To get a sense of the kind of figure Patrick will be behind the bench, it would be wise to look at Lindy Ruff.

Patrick has spent his entire NHL coaching career working with Ruff, a 19-year veteran running the bench for the Buffalo Sabres and, most recently, the Dallas Stars.

“I think I learned all aspects of coaching, from communicating to running meetings, [from Lindy],” Patrick said. “I had a long, long relationship with Lindy which will always continue.”

Patrick and Ruff first met as teammates with the New York Rangers in 1988 and played together for three seasons. They were reacquainted when Patrick joined the Sabres coaching staff in 2006, the year after Ruff captured the Jack Adams Award as NHL Coach of the Year.

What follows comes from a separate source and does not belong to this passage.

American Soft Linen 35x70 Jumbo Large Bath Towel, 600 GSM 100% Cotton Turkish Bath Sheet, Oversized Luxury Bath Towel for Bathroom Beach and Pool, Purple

“I still believe [Ruff] is one of the best coaches in the NHL,” Patrick said. “He’s incredibly bright, really quick to see the big picture of what’s happening during the game to make adjustments.

“I think he’s a great communicator. He has a lot of presence — when push come to shove he is the boss — but he’s been able to adapt and change the way he’s coached, change the way he communicates, because the players are different now. I’d like to say that I’ve learned that from him as well.”

In the Ice’s press release announcing Patrick’s signing, Matt Cockell stated what he thought Patrick would bring to the organization.

“James Patrick is the perfect fit to lead our team into a new Ice Age” he said. “He has a tremendous amount of experience, understands what it takes to be a pro, develop as a pro and create a world class player experience”.

The upcoming ‘player experience’ for a member of the Ice, according to Patrick, will be multifaceted.

“I think every player has a story, whether it’s your top prospect, your best player, your blue chip prospect, or the 23rd man on the roster,” he said. “When you think about the player experience, first of all it’s to do as much as you can to help them try and achieve their goals.

“It’s the experience of being on a team and everyone pulling on the same rope and building something together. [It’s] learning the right way, the proper way of playing the game [and] the proper way of coming to the rink to prepare every day, coming to try and getting better than you were the day before.”

Patrick continued.

“It’s the experience in the dressing room, and on the bus, and [trying to] build a culture of winning and behave the proper way. From treating your teammates and the staff and everyone around the rink with respect, to eating properly, sleeping properly [and] bonding with your teammates and having fun pulling that chain right next to the same guy.

“There’s so much to the player experience.”

For Patrick, the work is just beginning and there’s a lot of it.

“It’s just come together here in the last two days, so it’s important for me to start reaching out to the players on the team [right away],” he said. “We’re going to put a staff together and we’ll finalize our coaching staff hopefully in the next day or two.

“Working with the staff and Matt on getting to know the players in our organization and how we envision them and us going forward, that’s the first step.”

Patrick said that throughout the offseason, he’ll look at everything from assigning roles, to creating practice schedules, setting up new video systems, and figuring out how they will use statistical analysis.

“It’s going to be a big challenge [but] it’s one that I’m really looking forward to and am excited about.”

Although coming to Cranbrook and the WHL is a new path for Patrick, it is also a homecoming of sorts.

During his time as a player with the Calgary Flames between 1994 and 1998, he bought a condo in nearby Fernie, BC and has a deep appreciation for the East Kootenay region.

“I [spent] as much time as I could [in Fernie], depending on my schedule as an NHL player and then as a coach,” he said. “I fell in love with the area. The nature and the surrounding area and even the mountains and the lakes [are] just so beautiful.

“I definitely have a bit of a vibe for the area.”

Patrick will be introduced to Cranbrook by team owner Greg Fettes on Thursday at ‘the #ICEcountry Drive to 25 Corporate Kick Off event presented by The Prestige Rocky Mountain Resort’ when the business community will join together for from 4 p.m. to 6 p.m.